* _Data provided_

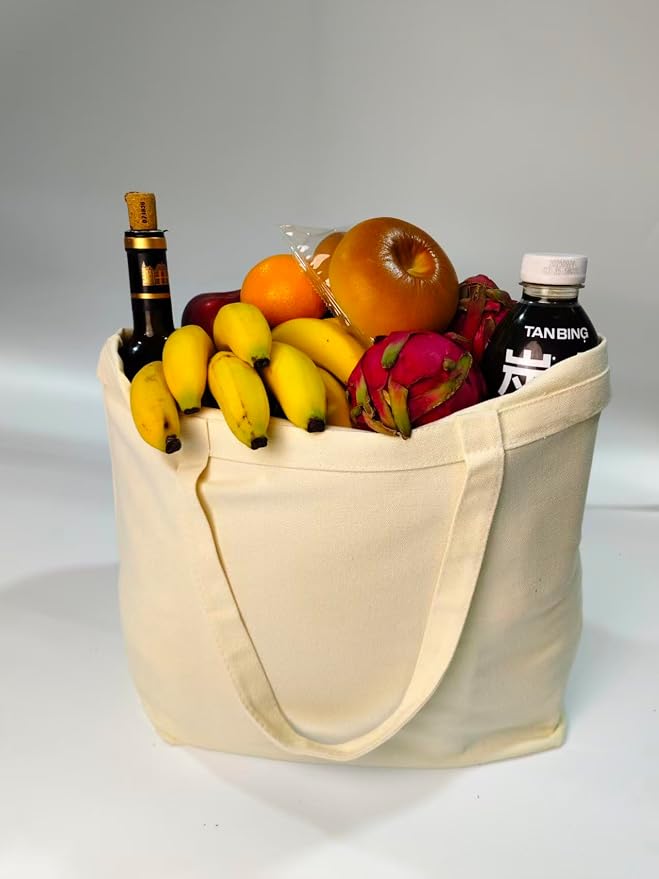 12 oz Canvas Tote Bags Extra Large Reusable Grocery Totes for Shopping, Crafts & Everyday Use Beige or Black - Image 5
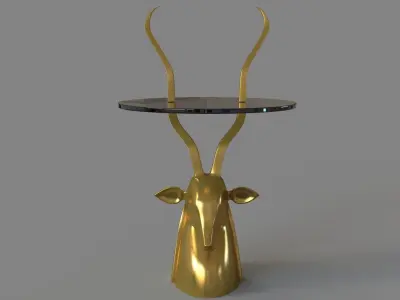 Ibex Side Table Brass 3D model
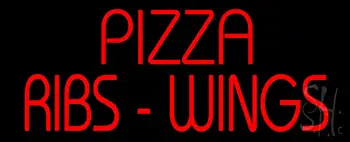 Red Pizza Ribs Wings LED Neon Sign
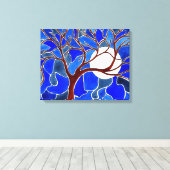 Arbre et Lune sur toile - Bleu (Insitu (Plancher de Bois))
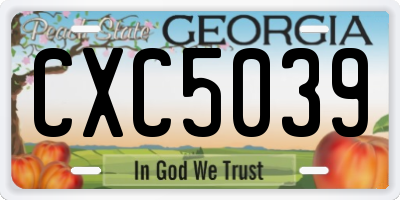 GA license plate CXC5039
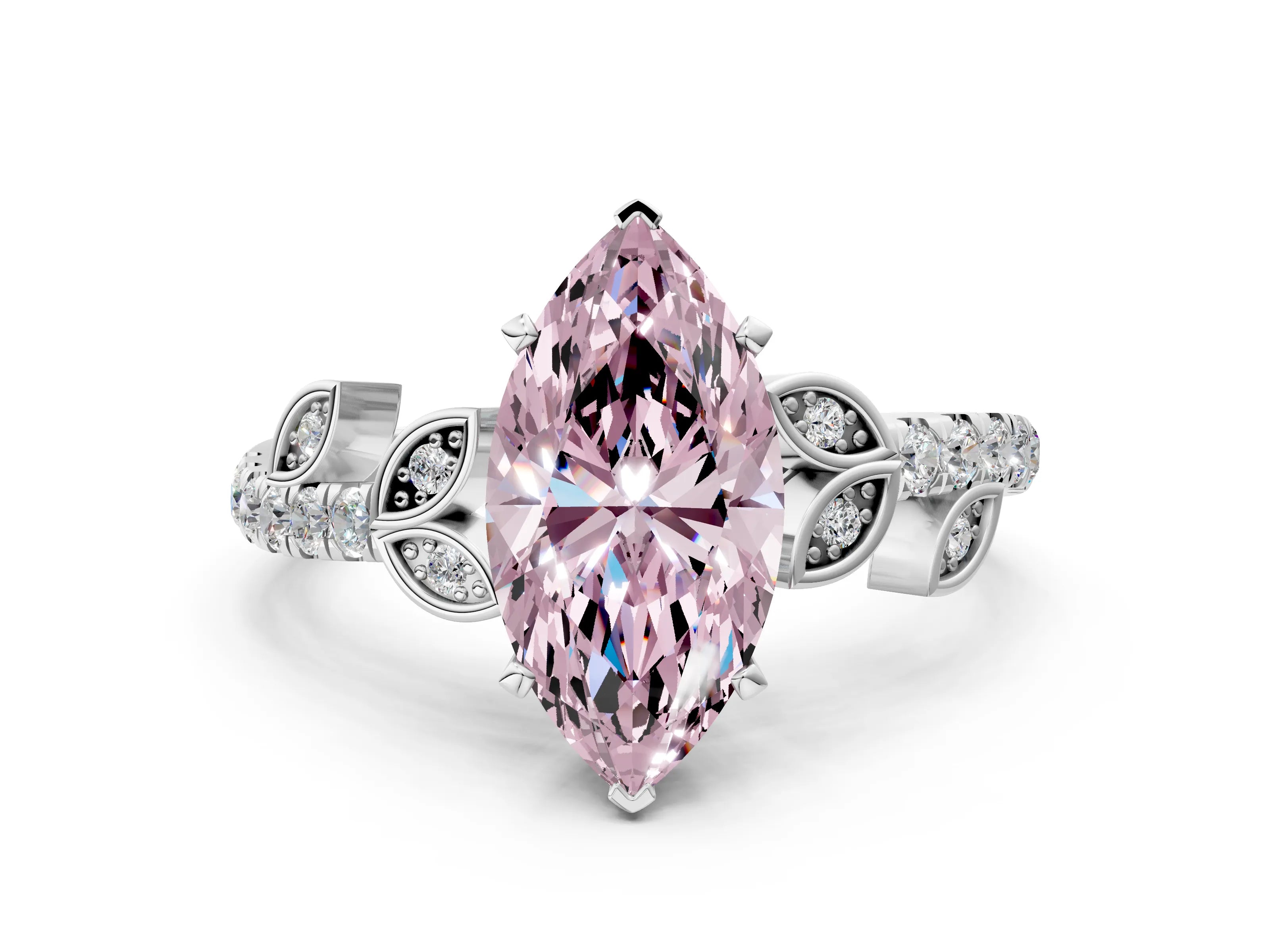 White gold Fancy Pink Marquise Cut Solitaire Leaf-Inspired Diamond Ring with Pavé Band and Four-Prong Setting_12
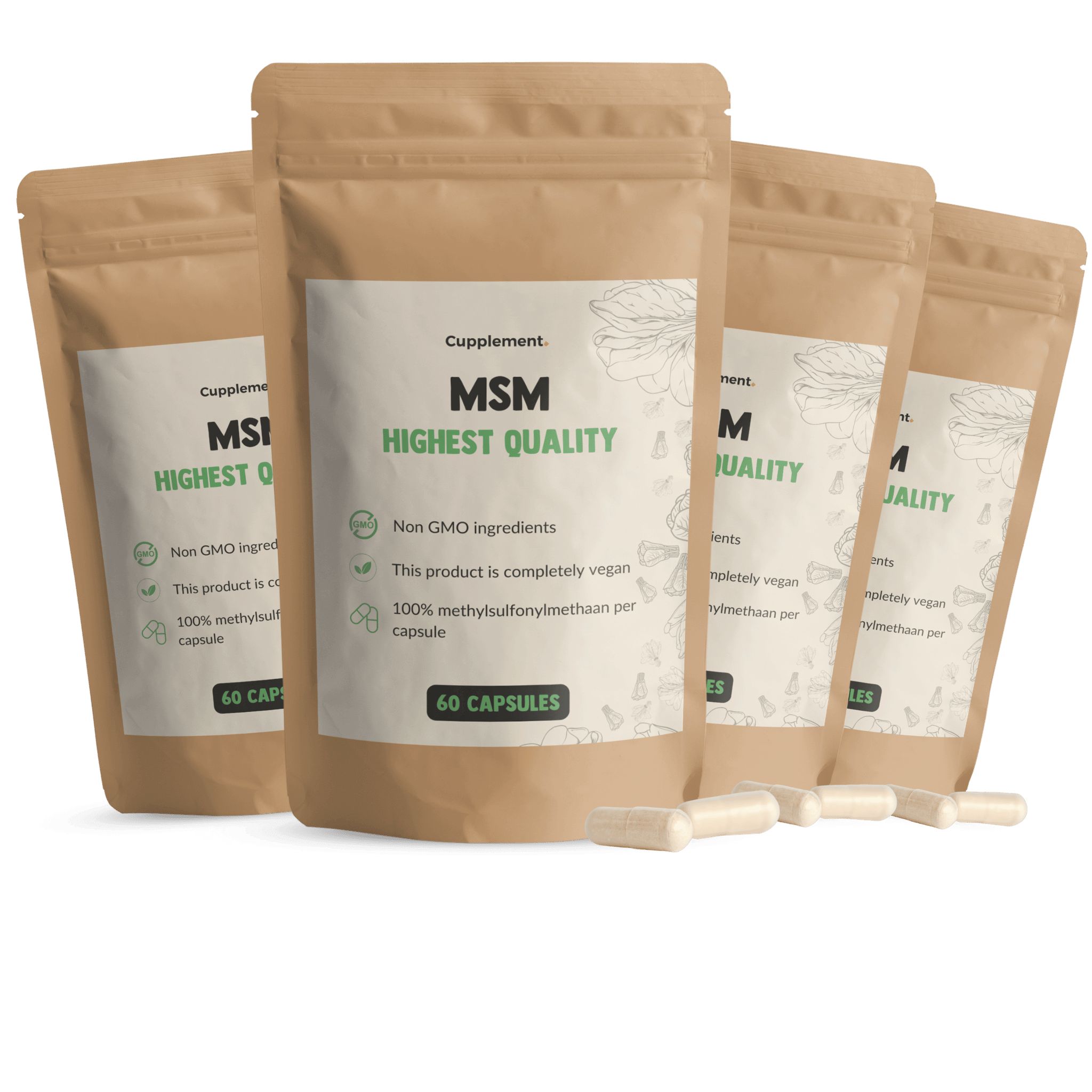 Beutel mit Kapseln. Aufschrift: MSM Highest Quality, 60 Kapseln. Vegan, ohne GVO. Kapseln liegen daneben.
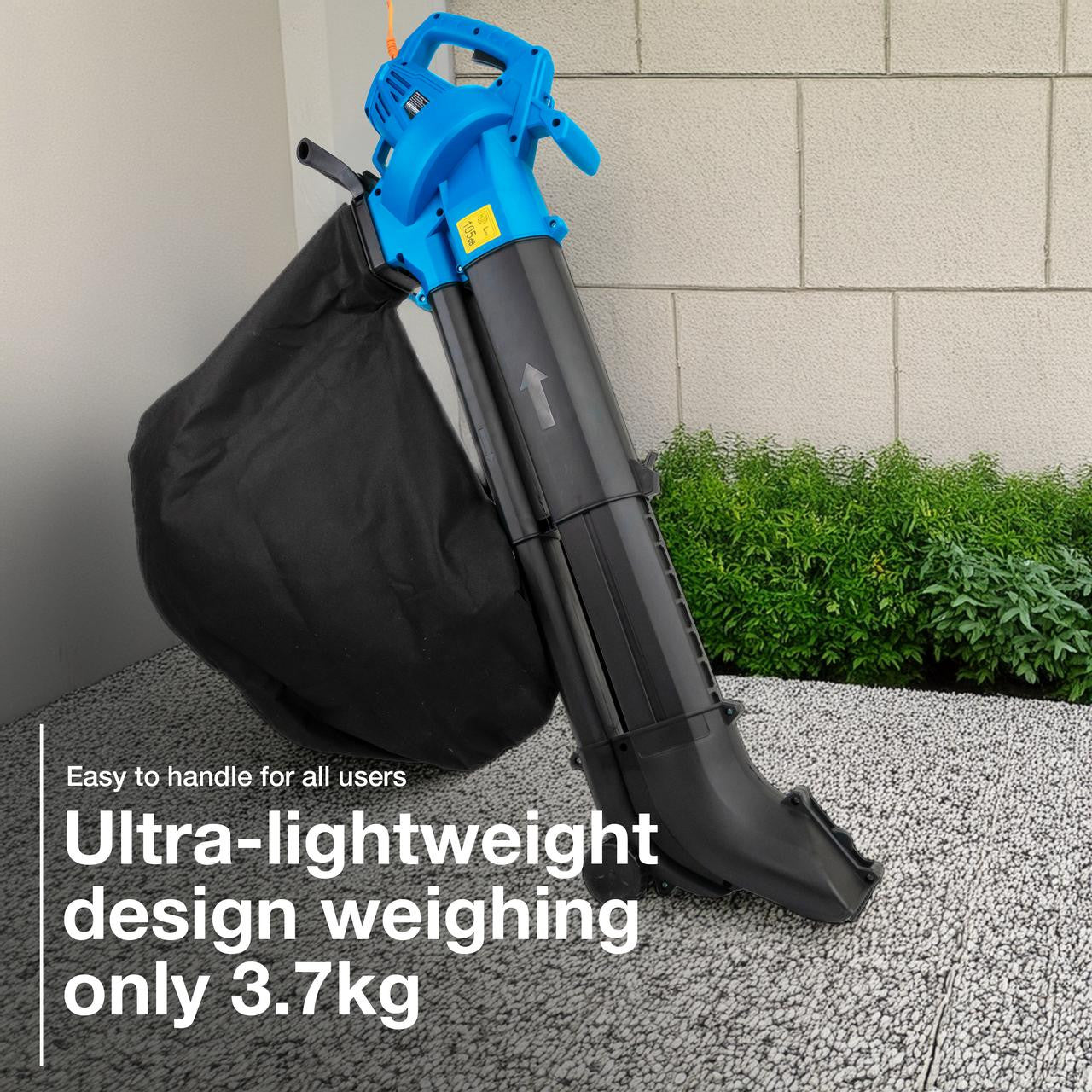 Hyundai 3000w 3-in-1 Leaf Blower, Vacuum, Shredder, 6-Speed, 45L Large Collection Bag, Long 12m Cable | HYBV3000E2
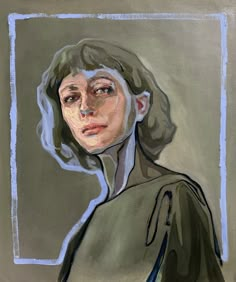 an oil painting of a woman's face and shoulders, with blue lines in the background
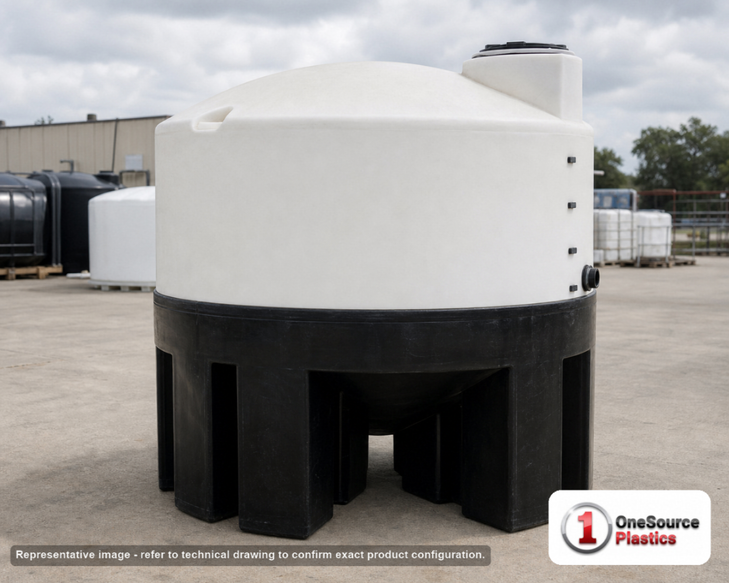 Norwesco 1720 Gallon 15 Degree Plastic Cone Bottom Tank. Polyethylene; White; dimensions 78.0in H x 91.0in W x 91.0in L; 274.0 lb empty; 1.5 specific gravity rating. Manufacturer part number N-44337-C. Sold by OneSource Plastics (https://www.onesourceplastics.com).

* _Work required_
Your answer must reproduce exactly the lines from the line with "Red Pizza Ribs Wings LED Neon Sign" through the end of the material, both ends included, with every picture dropped.

* _Response for this exercise_
 Red Pizza Ribs Wings LED Neon Sign
 Arbre et Lune sur toile - Bleu (Insitu (Plancher de Bois))
 GA license plate CXC5039
 White gold Fancy Pink Marquise Cut Solitaire Leaf-Inspired Diamond Ring with Pavé Band and Four-Prong Setting_12
 Beutel mit Kapseln. Aufschrift: MSM Highest Quality, 60 Kapseln. Vegan, ohne GVO. Kapseln liegen daneben.
 Hyundai 3000w 3-in-1 Leaf Blower, Vacuum, Shredder, 6-Speed, 45L Large Collection Bag, Long 12m Cable | HYBV3000E2
 an oil painting of a woman's face and shoulders, with blue lines in the background
 Norwesco 1720 Gallon 15 Degree Plastic Cone Bottom Tank. Polyethylene; White; dimensions 78.0in H x 91.0in W x 91.0in L; 274.0 lb empty; 1.5 specific gravity rating. Manufacturer part number N-44337-C. Sold by OneSource Plastics (https://www.onesourceplastics.com).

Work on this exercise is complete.